Around four millennia ago, a man and woman we know as Abraham and Sarah heard an unseen God who didn’t claim partial sovereignty of the sun or the sea or the soil telling them to leave their country, their clan for a destination they would only know when they got there. But free from the demands of country and clan, they would be free to claim all the peoples of the earth as their own under the one and only God who has sovereignty over everything.
A 4,000 year line runs from that passage to the only mission statement we need as a church — Q. What is the mission of the Church?
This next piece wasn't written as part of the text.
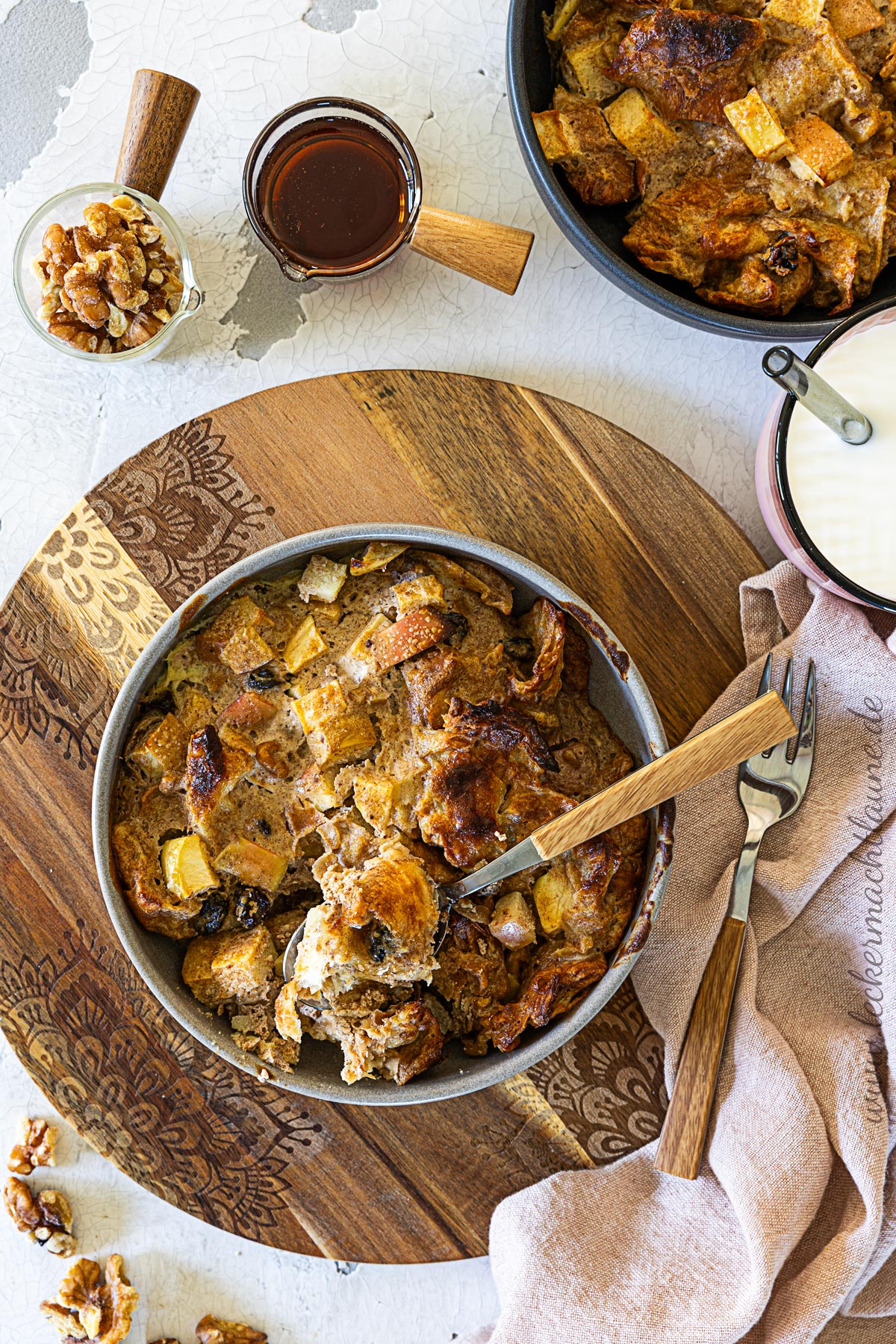 Scheiterhaufen mit Apfel und Rosinen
A. The mission of the Church is to restore all people to unity with God and each other in Christ. Our mission from Abraham to today is restoration and reconciliation.
But in our particular country today are a people whose history is officially recognized in the month of February, but I’m not sure how honored it really is, because to runs counter to the majority history. Most of us might see a connection to Abraham and Sarah in our ancestors who chose to come to an unfamiliar land because that seemed better than the alternative of staying where they were. But for African American people, they were brought here, brutally, and then treated brutally for the better part of four and-a-half centuries, with perhaps 1964-65 being the turning point, maybe.
So, when we consider the Church’s mission in that historical context, reconciliation is the end result of restoration. Where unity has been broken, those who broke the unity, or who benefitted from the broken unity, must pursue the restoration of what was broken. Just as our Catechism states that the Church can only “pursue” its mission, not accomplish, so we can only pursue restoration. Some broken things can be put back together; others cannot.
When we as individuals, as families, as dioceses, as parishes, as nations, acknowledge what has been broken — even when we cannot fix it — then like Nicodemus, we are closer to understanding Jesus when he says, “No one can see the kingdom of God without being born from above.” The Greek can also be translated, “born again,” the more familiar and much misunderstood.